In its letter to the SEC, the Center for Audit Quality (CAQ) spoke of the benefits and cost trends of Section 404(b), as well as concerns related to the Section 404(b) exemptions and recommendations to reduce the compliance burden. Grant Thornton fully supports the views expressed by CAQ that it would not be prudent to roll back existing internal control requirements that are currently being complied with by smaller public companies.

Section 404 says that management should be in a position to tell investors that it is responsible for internal control over financial reporting, and perform reasonable procedures to evaluate the effectiveness of those controls. It further indicates that independent auditors should be able to perform reasonable audit procedures to tell investors that, in their opinion, management’s assertions are accurate. In GT’s vierw, eliminating those reasonable expectations are not in the best interest of investors or companies. All companies that use the public’s money should give investors the confidence in their financial reporting systems that they demand and deserve. In this regard, GT strongly believes that the benefits of 404(B) outweigh the costs.

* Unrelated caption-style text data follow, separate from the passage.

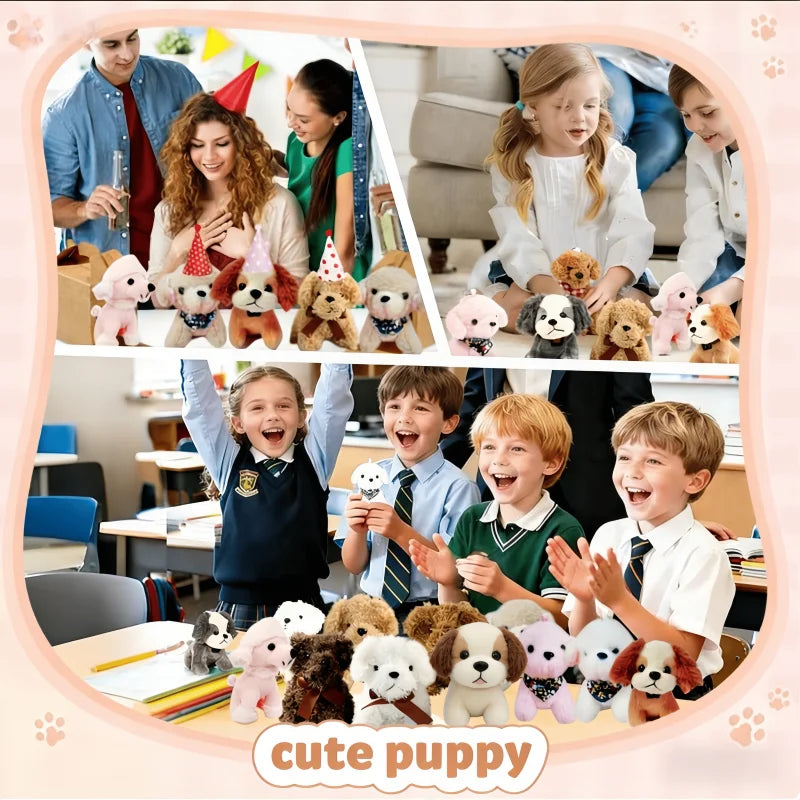 12/20/24 Sets 4.7Inch Adopt A Puppy Party Favor Teddy Puppy Stuffed Animal Toy With Mini Hat Puppy House For Birthday Party Gift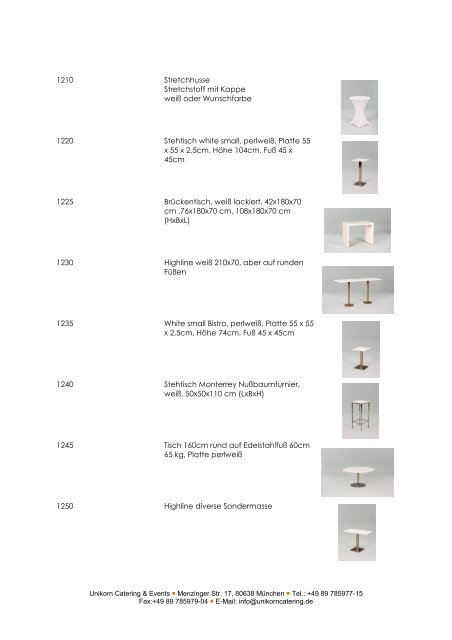 Mobiliar & Mietwäsche - Unikorn Catering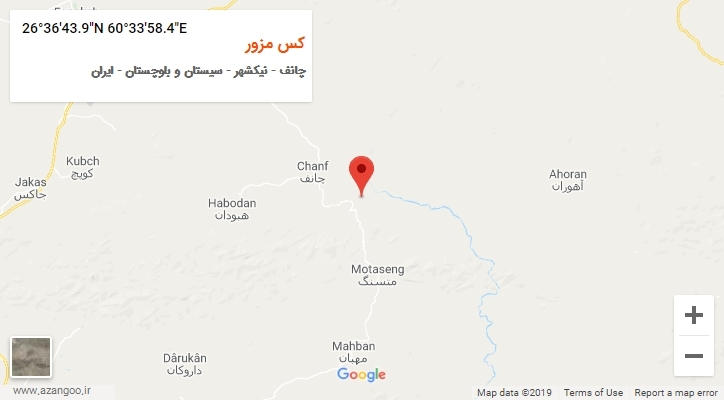 روستای کس مزور بر روی نقشه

There was also a consensus among the audit firm community that a further benefit of 404(b) has been improvements to corporate governance. For example, CAQ noted that auditors are required to communicate to the audit committee all significant deficiencies and material weaknesses in internal controls that have been identified during the audit. PCAOB AS 5 enhances the ability of auditors to detect weaknesses and therefore have a basis to make such communications, specifically regarding significant deficiencies.

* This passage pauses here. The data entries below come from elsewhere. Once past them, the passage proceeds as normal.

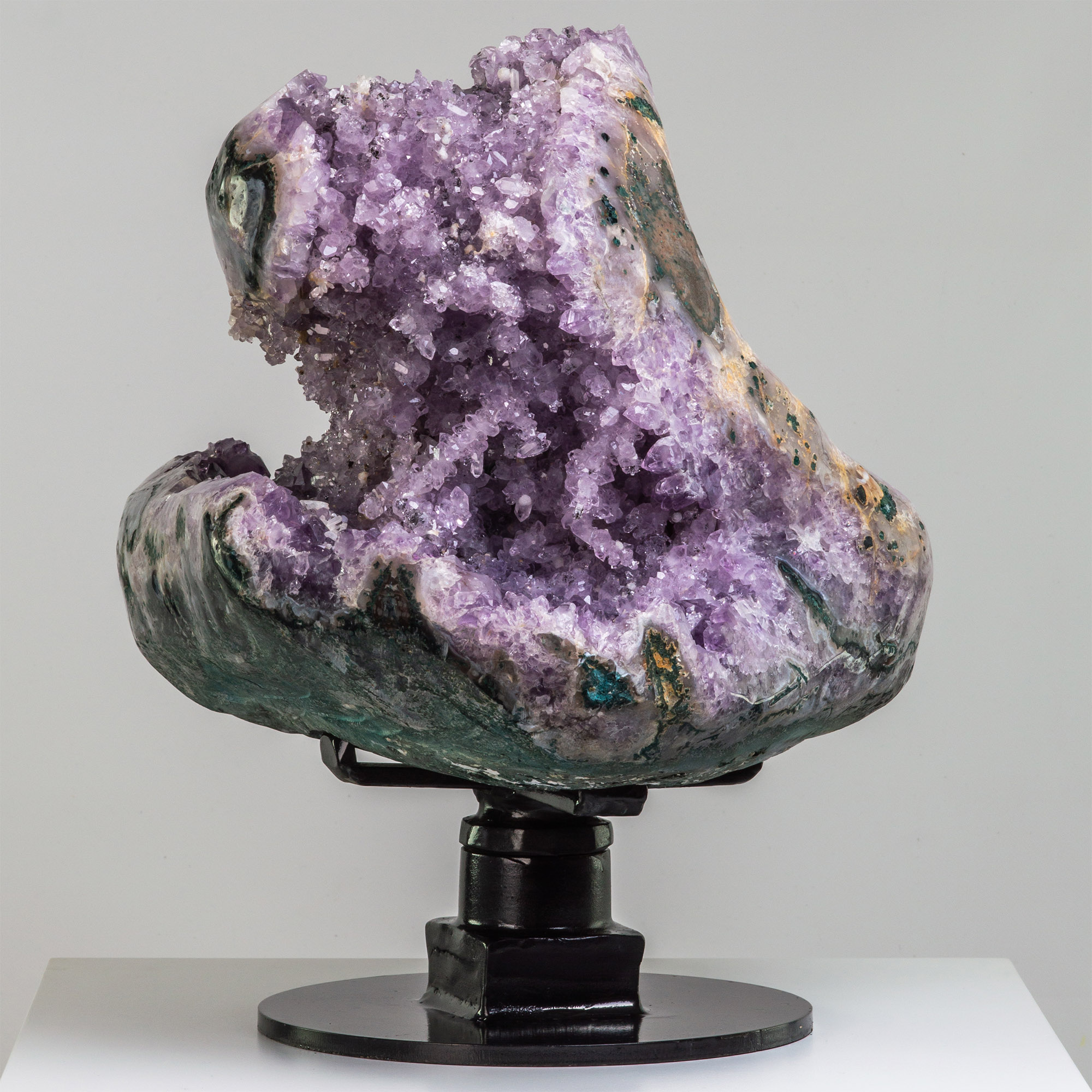Amethyst Geode Heart with Intricate Formations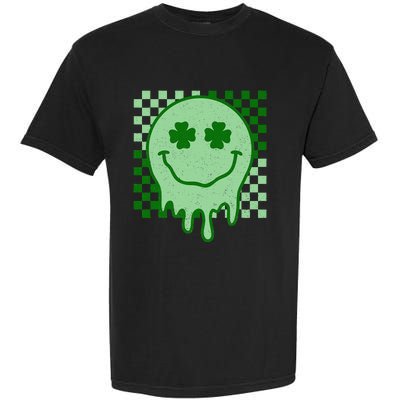 Retro Groovy St Patricks Day Hippie Smile Face Shamrock Garment-Dyed Heavyweight T-Shirt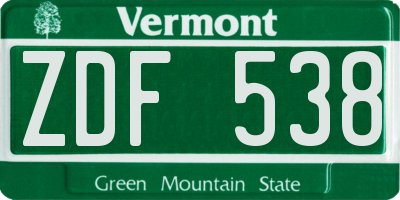 VT license plate ZDF538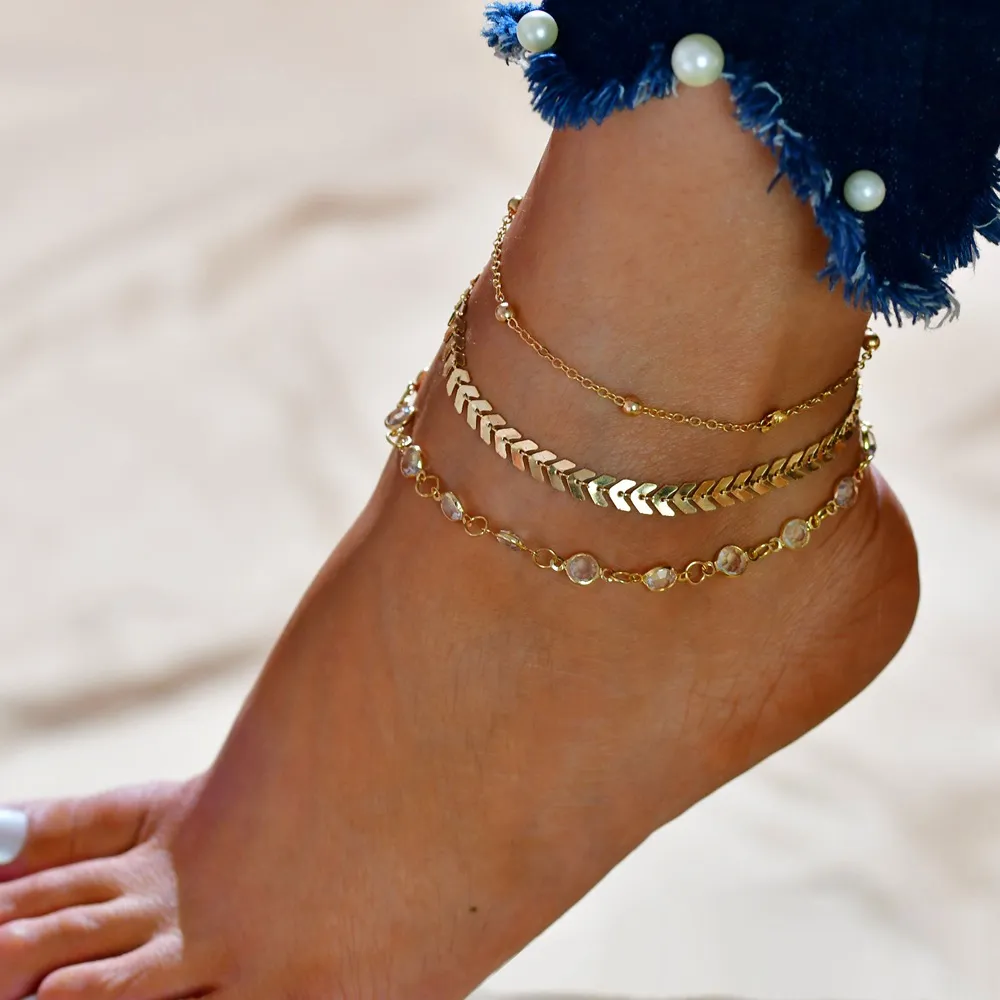 Vintage Sequin Three-Layer Chain Anklet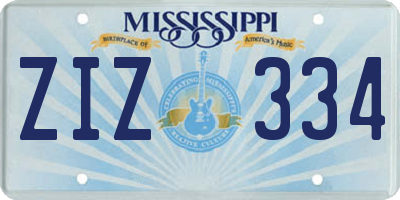 MS license plate ZIZ334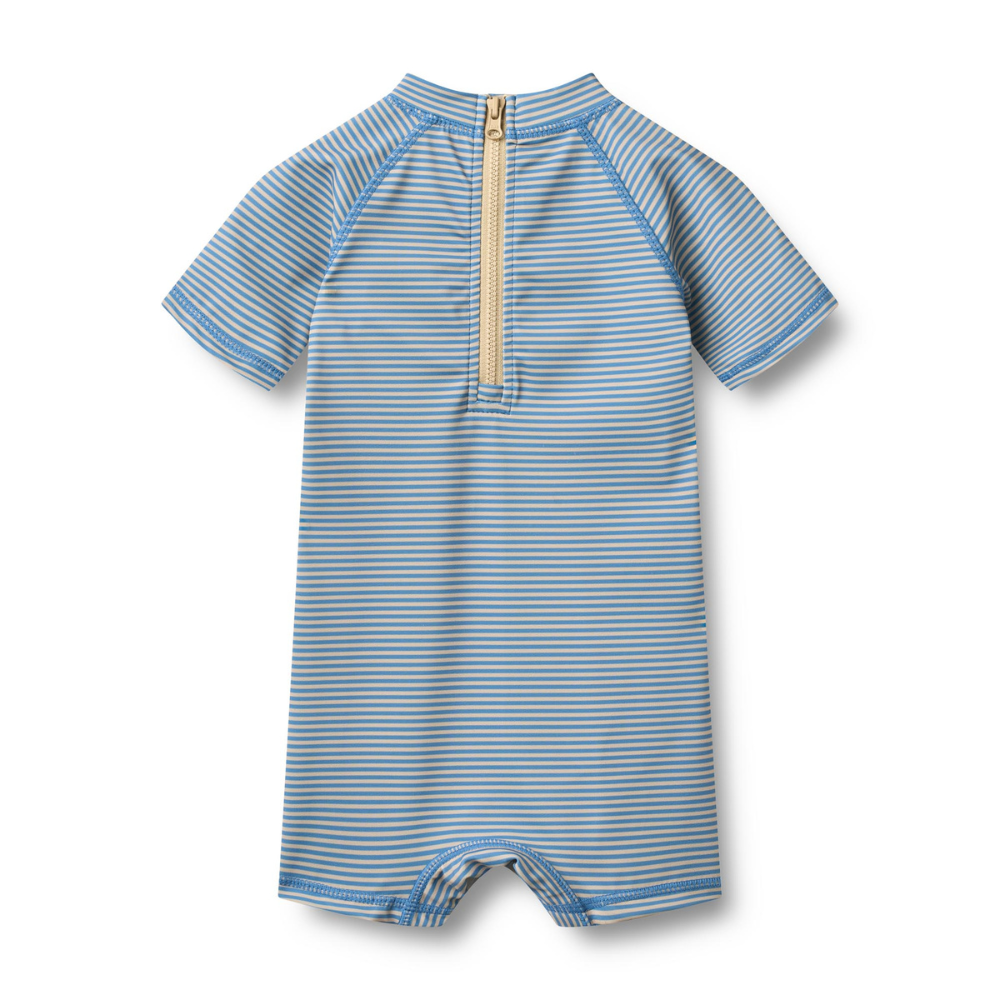 Wheat kombinezon kąpielowy z krótkim rękawem dziecięcy Cas blue swim stripe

According to CAQ, rhis communication fosters important discussions about internal controls among management, the audit committee, and the auditor including any remediation efforts. In turn, these discussions enhance the audit committee’s oversight of the internal controls process, which fosters improvements to the quality of a company’s financial reporting.

Beyond AS 5 and existing Board guidance, the commenters set forth recommendations for further improvement. Ernst & Young noted that as a result of its inspections of 2007 audits, the PCAOB issued a report in 2009 related to its observations on the first year implementation of AS 5. As that report was focused only on the first year of implementation, E&Y urged the PCAOB to publish observations on how the implementation in 2008 and 2009 has progressed relative to its expectations when AS 5 was issued. Such information might enable auditors to continue to adjust their internal controls procedures to further improve the effectiveness and efficiency of the audit of internal controls.

CAQ urged the PCAOB to develop best practices on the auditing of internal controls. The Board is in a unique position where its inspection teams might identify efficient audit approaches that could be vetted with its standards-setting staff to identify best practices for AS 5 audits. If the PCAOB were to identify any best practices that both the standard-setting and inspection staffs agreed were in accordance with AS 5, said CAQ, auditors could make appropriate adjustments and refinements to their internal controls procedures.

Section 989G of Dodd-Frank was co-authored by Rep. Scott Garrett (R-NJ), the incoming Chair of the House Capital Markets Subcommittee. Rep. Garrett has expressed concern that the compliance burdens of Section 404(b) may be chilling IPOs on US exchanges.